The purpose of the trip was to market the goats. In the process we were able to document the shrink of the goats on the 245-mile trip and to request that the goats be sold by the pound. This provided first-hand experience about the feasibility of lamb and goat producers using this major regional market.
Each goat was weighed as it was put on the truck. Weighing started at 3:30 pm on Sunday 6 October 2002 and was completed by 4:30 pm when Chris Parsons started driving the truck to New Holland. The goats were unloaded at New Holland at 10:30 pm and there was a $0.25 charge per animal for hay and water over night.

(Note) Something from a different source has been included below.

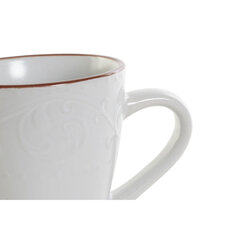 Кружка Mug DKD Home Decor, 13.5 x 9.5 x 10.5 cм, 340 мл цена и информация | Стаканы, фужеры, кувшины | kaup24.ee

Susan Schoenian met Chris at the auction barn the next morning. The auction started at 9 am and the goats sold at 11 am, 19 hours after they were loaded the previous day. Although the sales manager has been resistant to selling goats by the pound, he agreed to sell the goats from the "Goats in the Woods" project by the pound.

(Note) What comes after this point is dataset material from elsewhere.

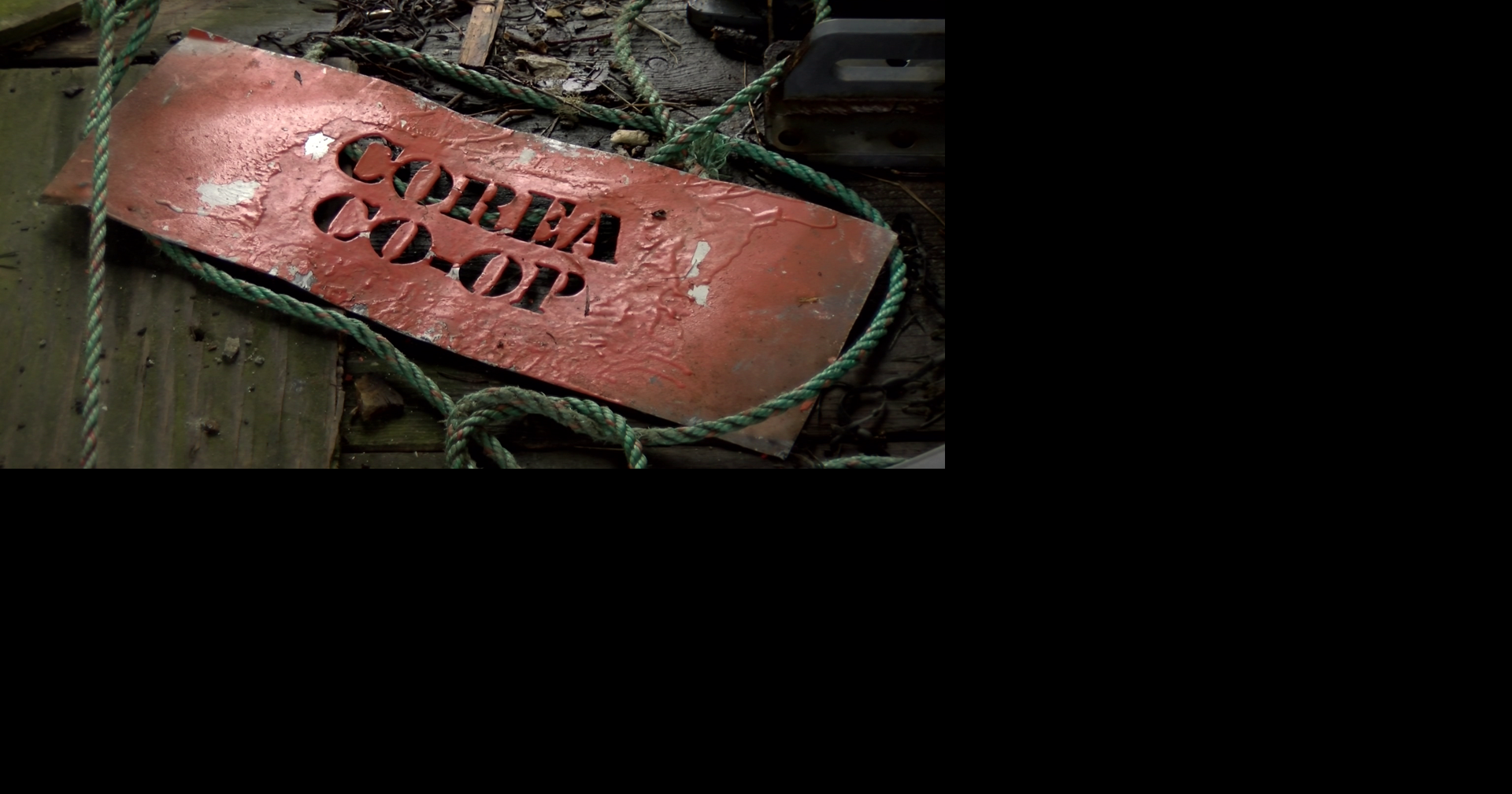 Corea Lobster CoOp works through January storm damages Local News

The 42 animals weighed a total of 2527 pounds for an average starting weight of 60 pounds per head. The total sale weight was 2283 pounds for a loss of 244 pounds or a 9.6% shrink. Thus the average selling weight was 54.4 pounds. The average price paid was $0.91 per pound or $49.50 per head. Fuel ($81.00), tolls ($6.80), and meals for the driver ($18) made the trucking cost $105.80 or $2.52 per goat. The sales commission per animal was $4.00 for total sales cost of $6.52 per goat. Thus, the net return on the New Holland sale weight was $42.98 per head or $0.79 per pound. The net return per pound of starting weight was $0.72 per pound. If the animals could have been sold from the farm for $0.91 per pound or $54.60 per head, then the difference in price would have been $11.62 or 21% higher. Recognizing that there are significant costs associated with on-farm marketing, the information gathered on this marketing trip to New Holland can be used to evaluate whether marketing from the farm makes economic sense.